[Records from a data source]

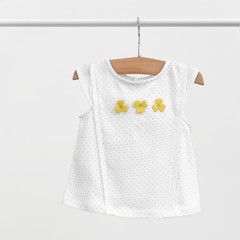 T-shirt for baby-girl hanging on a shoulders (hanger) isolated on white background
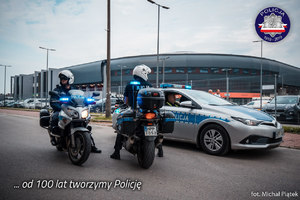 Policjanci na motocyklach przed katowickim spodkiem, w tle radiowóz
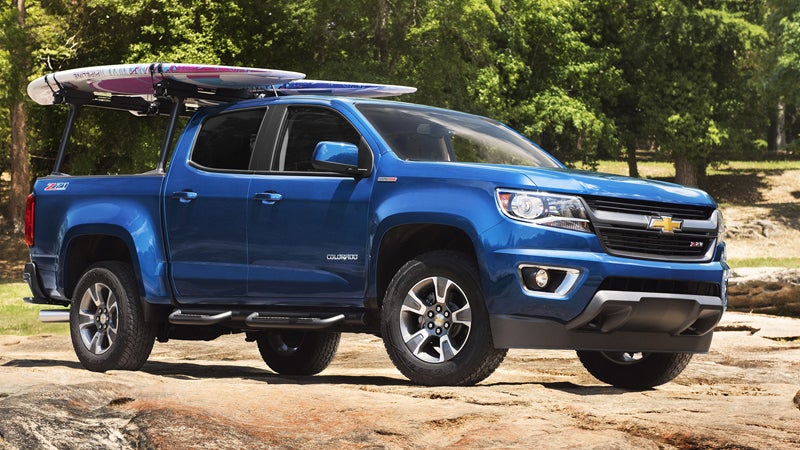 a blue Chevrolet Colorado pickup truck in an outdoor recreational setting.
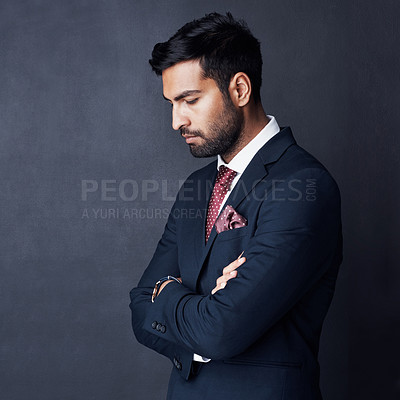 Buy stock photo Studio shot of a businessman looking down against a gray background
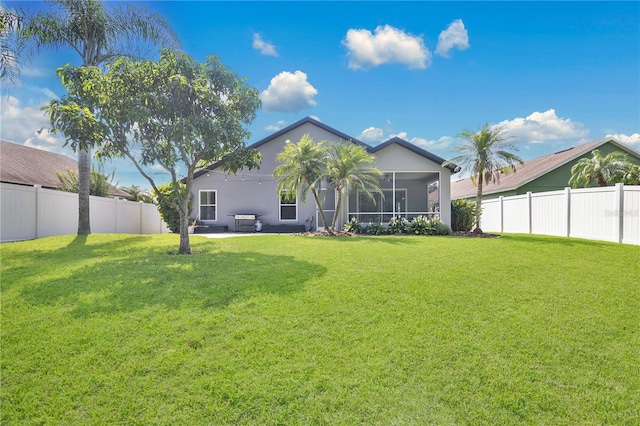 501 Dunoon St, Ocoee, FL 34761 - back of property with a sunroom and stucco siding
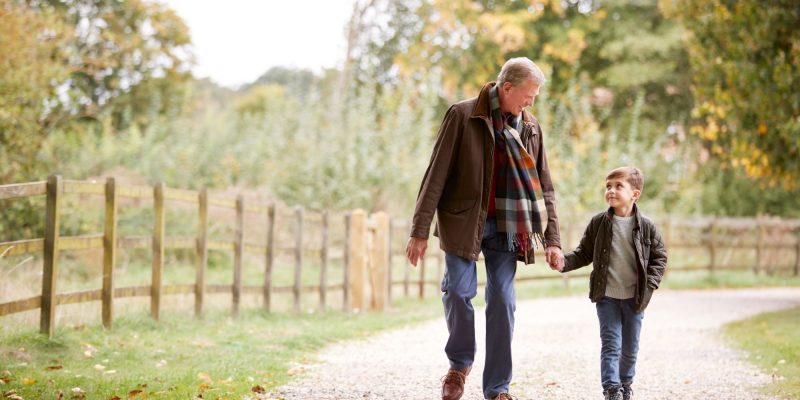 grandfather and grandson walking
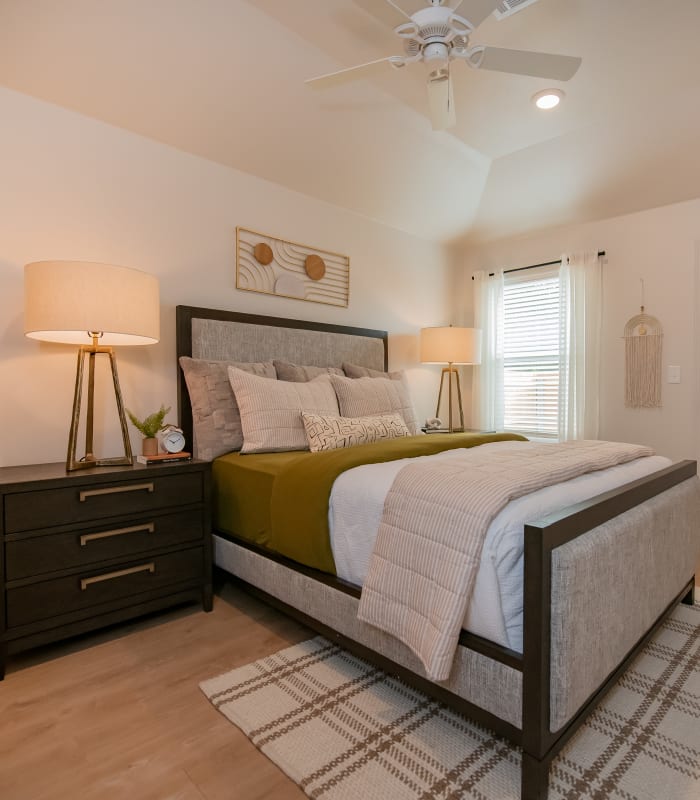 Model bedroom with natural accents and light at Chisholm Pointe in Oklahoma City, Oklahoma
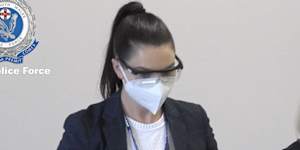 NSW Police arrest Sydney teacher Helga Lam on Friday morning.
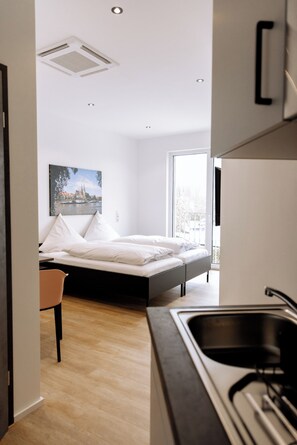 Double Room | Private kitchen | Fridge, microwave, coffee/tea maker, electric kettle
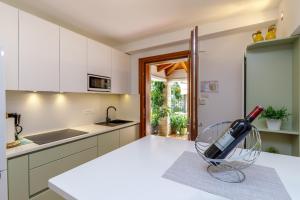 Kuchyň nebo kuchyňský kout v ubytování Apartments Lavizatic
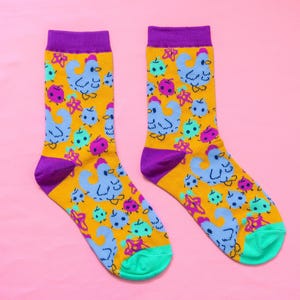 May include: A pair of patterned socks featuring light blue chicken illustrations, pink ladybugs, and teal star shapes on a yellow backdrop. The socks have purple cuffs, heels, and toes, with a teal trim.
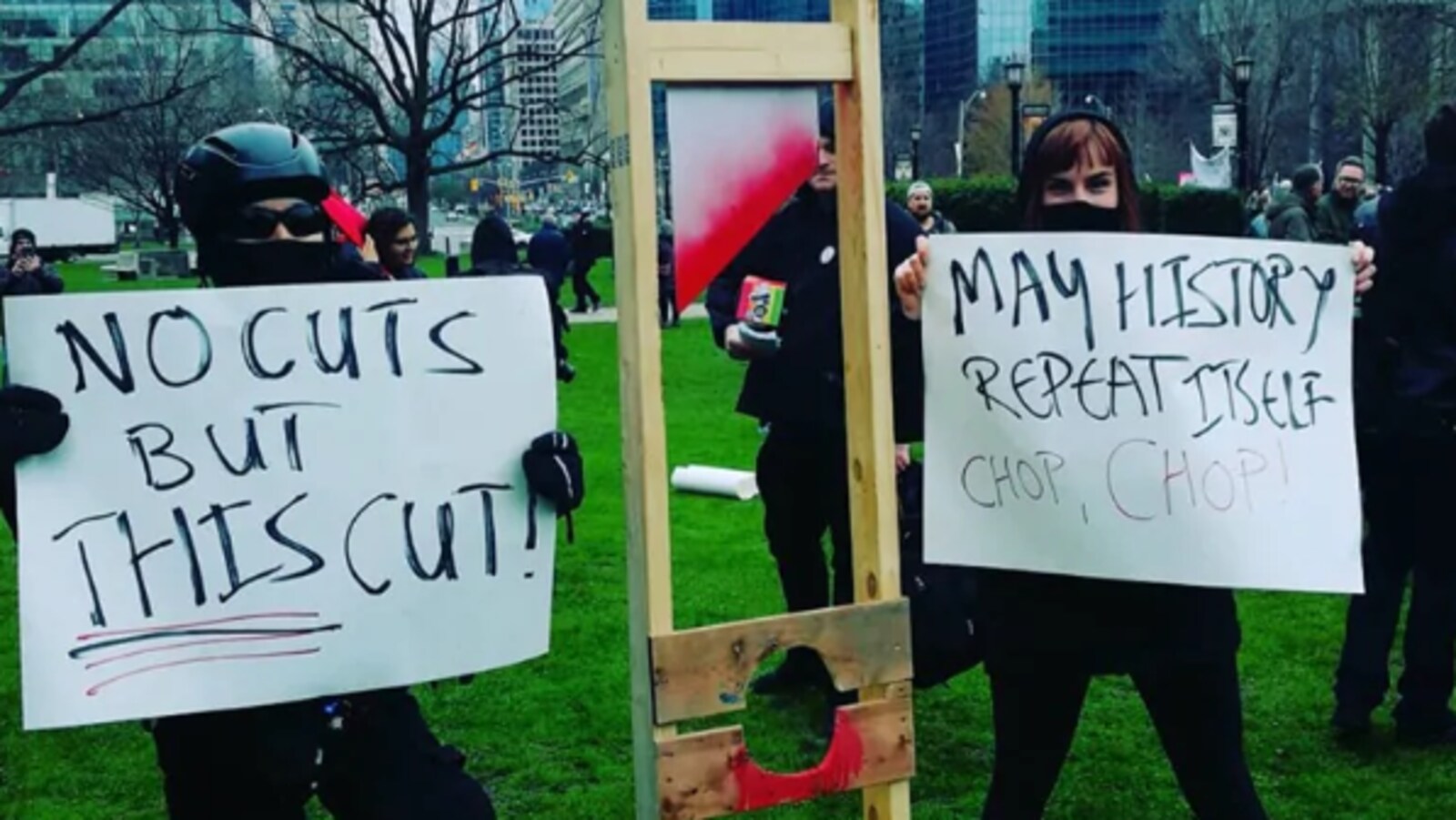 Des manifestants vêtus de noir et masqués tiennent des cartons où on peut lire des messages dénonçant les compressions.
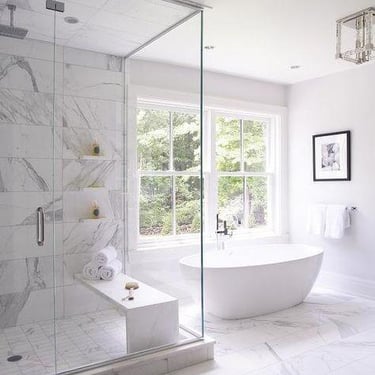 Vision Flooring and More bathroom remodeling. Light color marble tiles with standing tub.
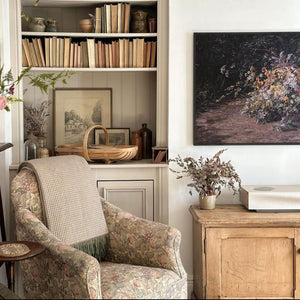 A beautiful vintage home, featuring an arm chair, bookcase, flowers and artwork. 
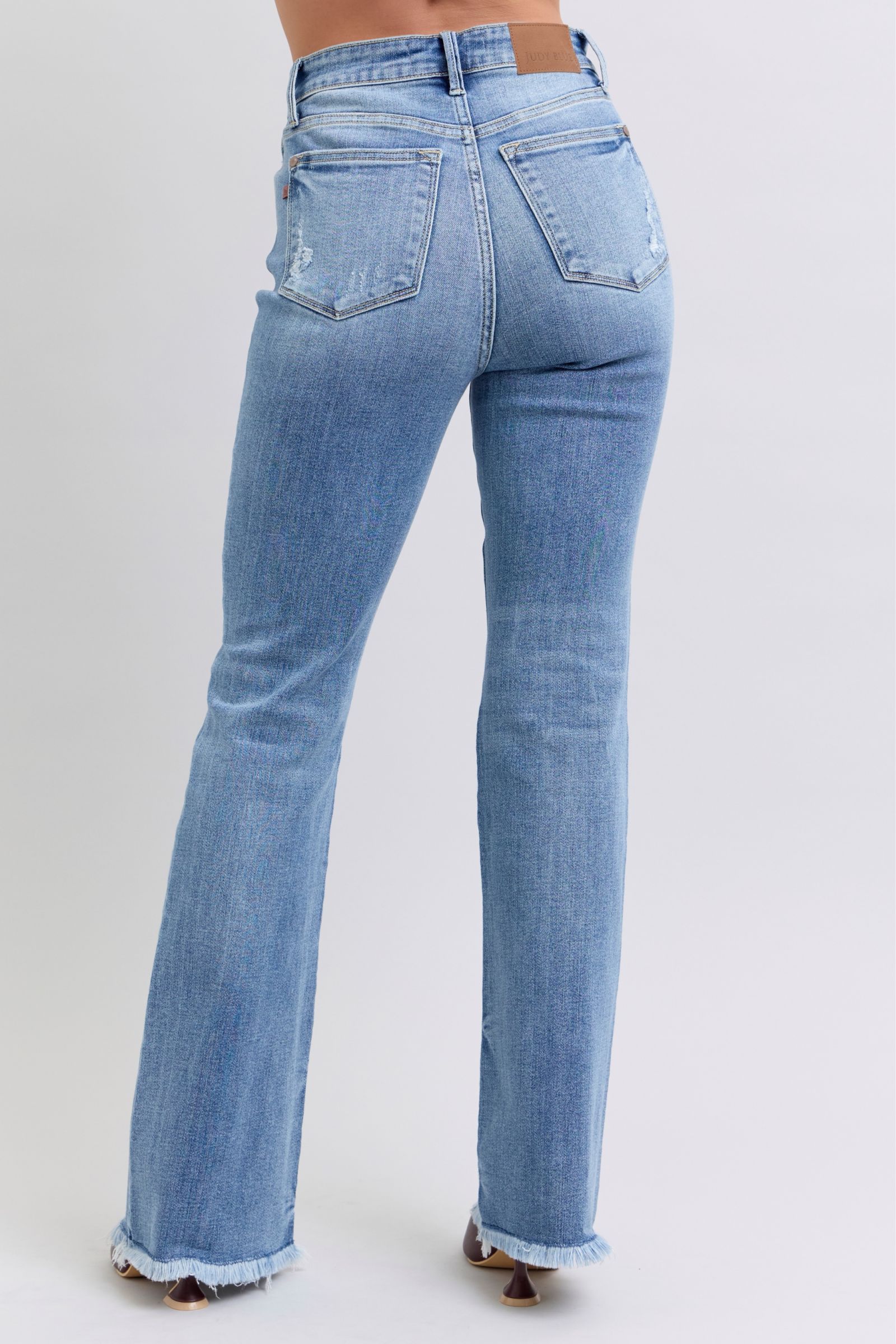HIGH WAIST MEDIUM WASH BOOTCUT JUDY BLUE DENIM FRAYED HEM
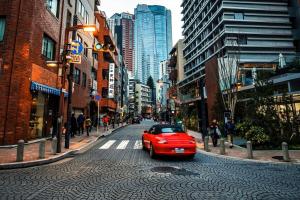 a red car driving down a street in a city at Hotel-Mercurius-Azabujuban-RB in Tokyo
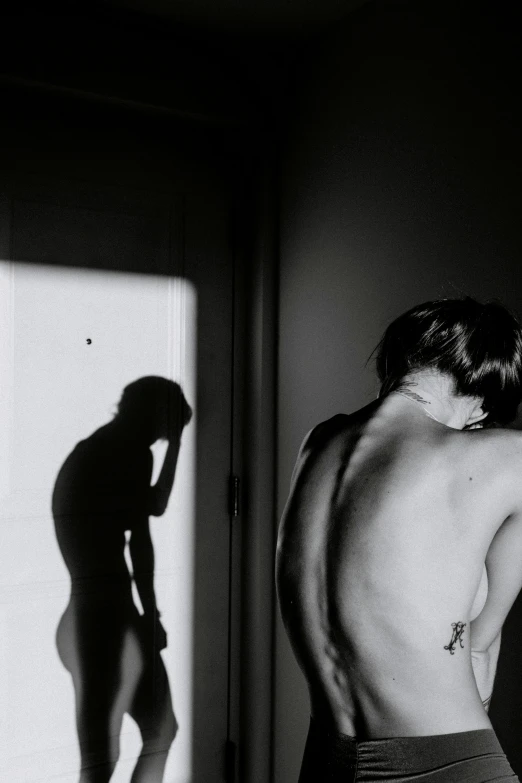 a black and white photo of a man standing in front of a mirror, a black and white photo, by Michael Sittow, muscular and exhausted woman, morning light showing injuries, the sun at their back, queer woman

[The problem] Your reply should be the entries above, repeated exactly and free of pictures.

[Answer for this exercise]
 T-shirt for baby-girl hanging on a shoulders (hanger) isolated on white background
 Policjanci na motocyklach przed katowickim spodkiem, w tle radiowóz
 a blue Chevrolet Colorado pickup truck in an outdoor recreational setting.
 Buy stock photo Studio shot of a businessman looking down against a gray background
 501 Dunoon St, Ocoee, FL 34761 - back of property with a sunroom and stucco siding
 grandfather and grandson walking
 Model bedroom with natural accents and light at Chisholm Pointe in Oklahoma City, Oklahoma
 NSW Police arrest Sydney teacher Helga Lam on Friday morning.
 Double Room | Private kitchen | Fridge, microwave, coffee/tea maker, electric kettle
 Kuchyň nebo kuchyňský kout v ubytování Apartments Lavizatic
 May include: A pair of patterned socks featuring light blue chicken illustrations, pink ladybugs, and teal star shapes on a yellow backdrop. The socks have purple cuffs, heels, and toes, with a teal trim.
 Des manifestants vêtus de noir et masqués tiennent des cartons où on peut lire des messages dénonçant les compressions.
 Vision Flooring and More bathroom remodeling. Light color marble tiles with standing tub.
 A beautiful vintage home, featuring an arm chair, bookcase, flowers and artwork. 
HIGH WAIST MEDIUM WASH BOOTCUT JUDY BLUE DENIM FRAYED HEM
 a red car driving down a street in a city at Hotel-Mercurius-Azabujuban-RB in Tokyo
 a black and white photo of a man standing in front of a mirror, a black and white photo, by Michael Sittow, muscular and exhausted woman, morning light showing injuries, the sun at their back, queer woman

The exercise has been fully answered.